In the choice of material for the porous tube it is merely necessary to
ensure that the porous tube can be attached directly to the spinnerette 1
and thus that it will not soften at the temperatures prevailing in the
spinnerette. Suitable materials for this purpose include but are not
limited to metals, especially steel. As for the choice of materials for
forming the non-porous tube 5, any suitable material may be used.
The porosity of the porous tubes can in the simplest case be achieved with
perforated tubes or else with sintered metals.

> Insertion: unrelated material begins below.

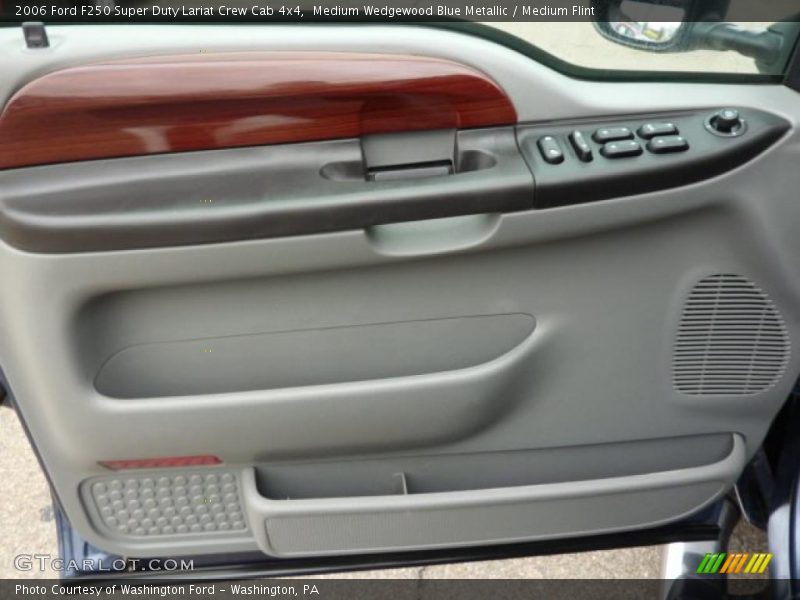 Door Panel of 2006 F250 Super Duty Lariat Crew Cab 4x4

In principle, any porous
tube is suitable whose porosity will, at an airflow rate of 1 m/s, produce
a pressure drop from about 3 to 150 Pa, advantageously in the region of 10
Pa for the stated air velocity. However, it is particularly advantageous
for the porous tube to be formed of a metal sieve, in which case a metal
sieve of 60 mesh is suitable. To stabilize the metal sieve a tube of
perforated metal can be arranged inside the metal sieve tube.

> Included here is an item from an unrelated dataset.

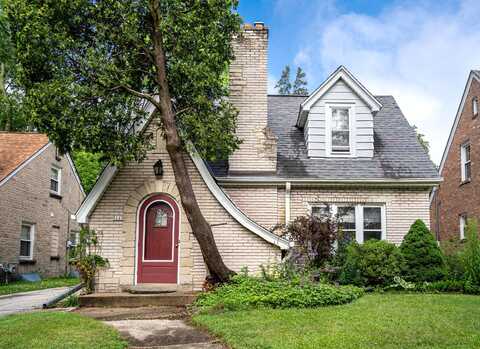 Crestwood, MILWAUKEE, WI 53209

The porous tube 4 can be connected directly to the spinnerette 1. However,
referring to FIG. 1, it is also possible to connect between the
spinnerette 1 and porous tube 4 a device 9 of up to about 300 mm in length
which will inhibit the cooling of the filaments and is adjoined by the
porous tube.
Inhibition of filament cooling can be effected for example, with means
inhibiting the cooling that comprises a hot airstream enveloping the
filaments. This ensures a particularly uniform delayed cooling of the
filaments. Advantageous results are achieved when the hot air jacket has a
temperature which corresponds approximately to the temperature of the
spinnerette.
The hot air jacket can be put into effect particularly advantageously when
the spinnerette 1 is a multiple spinnerette where the melt is extruded in
the center and where there are arranged concentrically around the center
one or more orifices through which exits a hot airstream which envelopes
the filaments. It is particularly advantageous here for the orifice
arranged concentrically around the center to be an annular gap. The use of
such spinnerettes for the delayed cooling filament is known per se from
DE-A-3 941 824 and EP-A-0 455 897.
Inhibition of filament cooling can also be achieved in a particularly
simple manner by a heated tube or in particular an unheated tube.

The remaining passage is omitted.